Closed pebcakerror closed 5 years ago
I was able to get this to run by downgrading Beam to 2.5.0. Beam Nuggets seems to indicate its compatible with the latest. https://github.com/mohaseeb/beam-nuggets/blob/55441d9fd9b9e02ebe1c3434780472e1a7bf03d2/setup.py#L8
I have sporadically ran into this issue before. My solution was to use a local version of beam-nuggets and change Read to some something else like DBRead. I think it is a dataflow specific issue and I am not sure this is a real fix so I have not submitted a pull request for it
I was able to solve this by switching to the model shown in https://github.com/jamesmoore255/dataflow_template
For beam_nuggets it seemed important to use with
with beam.Pipeline(options=options) as p:
I did have to downgrade Beam to 2.5
It was also important to understand in beam.ParDo
there is no access to globals https://cloud.google.com/dataflow/docs/resources/faq#how-do-i-handle-nameerro
If you're getting a NameError when you execute your pipeline using the Cloud Dataflow service but not when you execute locally (i.e. using the DirectRunner), your DoFns may be using values in the global namespace that are not available on the Cloud Dataflow worker.
By default, global imports, functions, and variables defined in the main session are not saved during the serialization of a Cloud Dataflow job. If, for example, your DoFns are defined in the main file and reference imports and functions in the global namespace, you can set the --save_main_session pipeline option to True. This will cause the state of the global namespace to be pickled and loaded on the Cloud Dataflow worker.
Notice that if you have objects in your global namespace that cannot be pickled, you will get a pickling error. If the error is regarding a module that should be available in the Python distribution, you can solve this by importing the module locally, where it is used.
For example, instead of:
import re … def myfunc(): # use re module
use:
def myfunc(): import re # use re module
Alternatively, if your DoFns span multiple files, you should use a different approach to packaging your workflow and managing dependencies.
interesting; will have a look
Hi @pebcakerror, I couldn't reproduce the problem when tried this job. I used the following as requirements to be installed on the workers (i.e. the requirements.txt)
apache-beam[gcp]
google-cloud
google-cloud-bigquery
google-cloud-dataflow
google-cloud-storage
beam-nuggets
This would install apache-beam 2.13.0 (the latest at the moment) on the workers. I also tried the example with and without with beam.Pipeline(options=options) as p:
.
Could this issue be related to an earlier apachem-beam version? 2.13.0 was released 04/Jun.
Also getting this issue. @mohaseeb the job you linked only uses the relational_db.Write, not relational_db.Read. The error seems specific to Read needing a source attribute.
@mattoraptor you are right; I missed that. There is a fix to this issue by @2514millerj that I'm going to merge shortly.

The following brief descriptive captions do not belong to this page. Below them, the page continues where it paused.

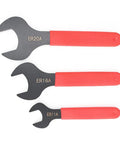 Three Pro Grade ER Collet Nut Wrenches for ER11 ER16 ER20 A Type Collet CNC Milling Lathe Tools Spanner with red handles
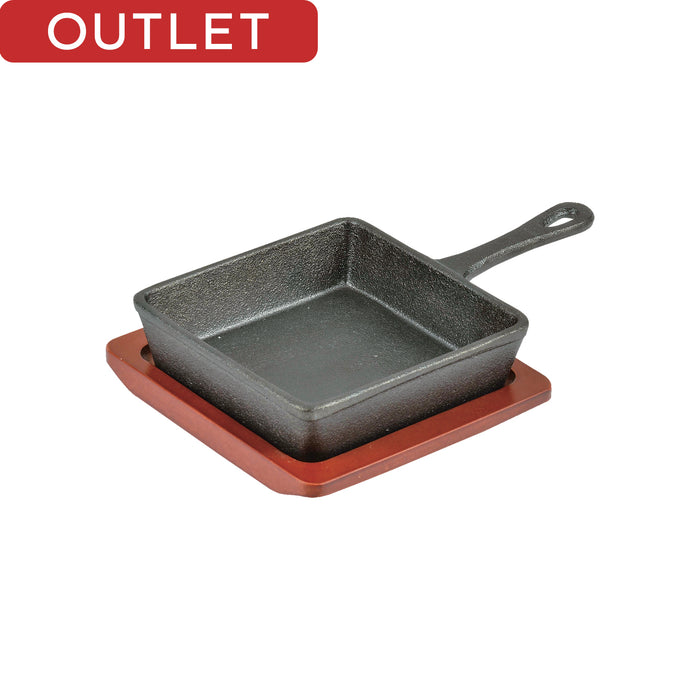 【アウトレット】スプラウト 鉄鋳物製角型スキレット13×13cm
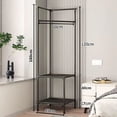 thumbnail image 7 of Corner Organizer with Multi-Functional Shelves, Detachable and Assemblable, Metal Storage Rack with Hooks for Bedroom, Entryway, Modern Space-Saving Design, 7 of 7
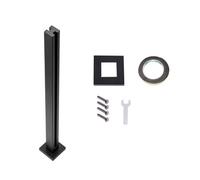 Vevor Glass Clamp, 37.4" Height Glass Railing Bracket For 0.39 "-0.47 " Thickness Tempered Glass, 304 Stainless Steel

The fix is uploaded to pypi (version 0.15.1). relational_db.Read
is renamed to relational_db.ReadFromDB
. See https://github.com/mohaseeb/beam-nuggets/pull/22#discussion_r303217640 for more info.
I'm developing a ETL processs, that creates a job in google cloud dataflow, when I read data from PostgreSQL and Write in Bigquery. When i run the code, i receive the message No module named 'beam_nuggets' . I've already try to reinstall the package beam-nuggets in my local machine and in the gcp console, but the issue continues. Does anyone know how can i fix it ?
New to python and new to dataflow....
I'm at a loss what I'm missing. Is this potentially an error with beam-nuggets?